The Messenger es la obra maestra multigénero que siempre has querido jugar

Desde sus inicios, los videojuegos han sorprendido y desconcertado a los jugadores jugando con sus expectativas. Ya hablemos de las zonas de tuberías (warp zones) ocultas los juegos de Mario , de un extraño jacuzzi en ToeJam & Earl o de un desarrollador que oculta sus iniciales en incontables clásicos retro como Adventure, los secretos y los giros son propios del género. Sin embargo, solo unos pocos juegos logran aunar una sensación constante de nostalgia y descubrimiento con unas mecánicas que sigan siendo divertidas y satisfactorias después de 20 horas de juego. The Messenger, de Sabotage Studios, es uno de esos pocos afortunados.
A primera vista, The Messenger es un homenaje directo a los clásicos juegos de plataformas de 8 bits, en especial a la serie Ninja Gaiden. Cuando se levanta el telón, la aldea de tu humilde ninja es atacada por malvados demonios y se te encomienda la misión de entregar un pergamino en la cima de una montaña. Al estilo clásico de los juegos de NES, correrás hacia la derecha, saltando por encima de pozos sin fondo y derrotando esqueletos, demonios y jefes imponentes con ráfagas de shurikens. Sin embargo, a medida que vas avanzando por los niveles, las cosas empiezan a ponerse un poco raras; cuando tu misterioso amigo el comerciante empieza a hablarte de desgarros en el tiempo, la verdadera naturaleza del juego empieza a revelarse.

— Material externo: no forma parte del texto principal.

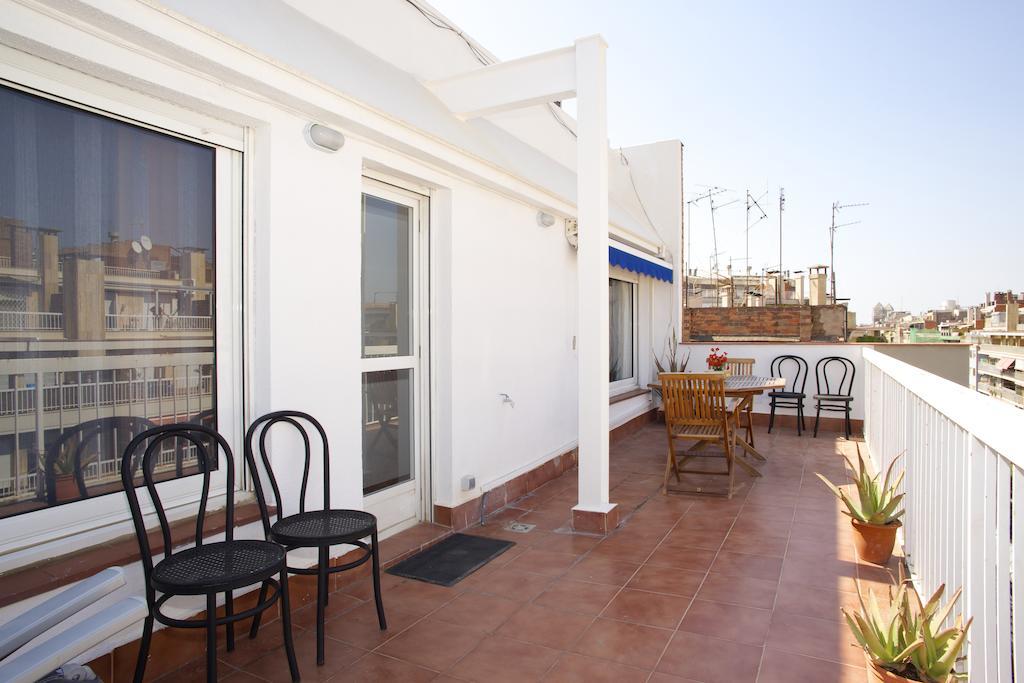 Attic Bcn Central Terrace Barcelona Room photo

Pasados los primeros niveles de estilo 8 bits, que culminan en una torre mucho más complicada que cualquier otra cosa que hayas visto hasta ese momento, algo sale desternillantemente mal y tu ninja acaba teniendo que encargarse de salvar el mundo. Es a partir de aquí donde The Messenger pasa de ser un juego de plataformas de acción retro a una especie de metroidvania simplificado. Tu ninja obtiene el poder de viajar a través de portales al pasado y al futuro, que se representan con estilos artísticos de 8 y 16 bits respectivamente. Estos portales no solo modifican la disposición de cada nivel, sino que también cambian la música de fondo, que pasa de las pegadizas piezas de 8 bits al rudo rugido multicanal de la Sega Mega Drive. Aunque el efecto es realmente impresionante, la banda sonora no necesita ninguna ayuda: es muy probable que sigas tarareando las melodías mucho después de terminar el juego.

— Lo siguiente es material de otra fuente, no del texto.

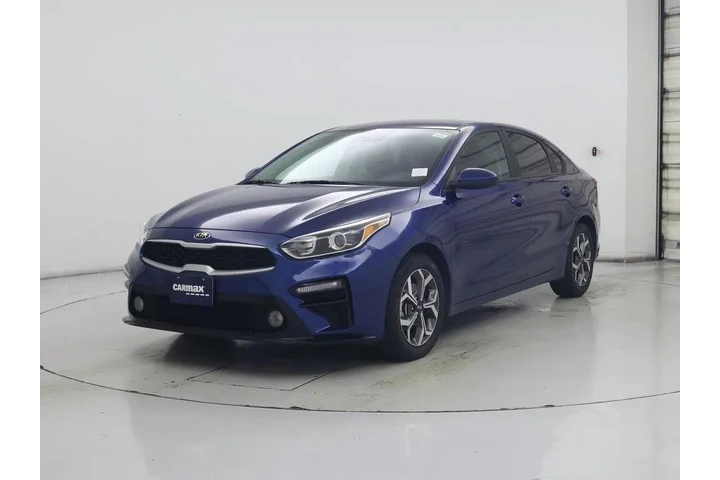 $17998 : Kia Forte 2021 LXS 4dr Sedan image 5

Aunque The Messenger cambie a mitad de camino, no dejes que la influencia metroidvania te engañe: es un juego de plataformas de principio a fin. A pesar de que algunos de los jefes del juego pueden suponer un desafío considerable, la mayor dificultad del juego reside en sortear desafíos transversales. (Esto se vuelve todavía más cierto cuando tu ninja obtiene acceso al dardo de cuerda, que es esencialmente un gancho sofisticado). En la última parte del juego deberás regresar a los niveles anteriores para encontrar los MacGuffins que necesitas para derrotar al gran jefe final de una vez por todas. En mi opinión, estas secciones alcanzaron el equilibrio perfecto entre la simple exploración y el tener que considerar la disposición de cada zona para poder triunfar al final.

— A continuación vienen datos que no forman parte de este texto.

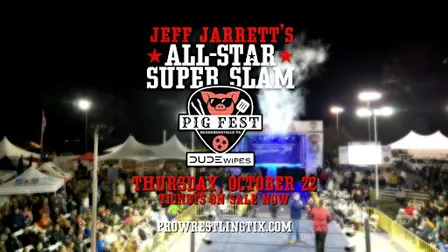 JEFF JARRETT’S ALL-STAR SUPER SLAM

The Messenger tiene muchas cosas a su favor, pero quizá su mayor virtud sea su gran encanto. Desde las extrañas conversaciones con el comerciante hasta el curioso enfoque del título a la hora de desarrollar su mundo, rompiendo la cuarta pared, se trata de un juego que nunca se toma demasiado en serio a sí mismo. Sin embargo, bajo esa capa de absurdidad se esconde un juego increíble, con niveles bien diseñados, preciosos gráficos pixelados y una curva de dificultad fantástica. Si buscas un juego retro que esté a la altura de los verdaderos clásicos en lugar de simplemente extraer ideas de ellos, The Messenger es el juego que estabas esperando.
The Messenger ya está disponible en la Epic Games Store.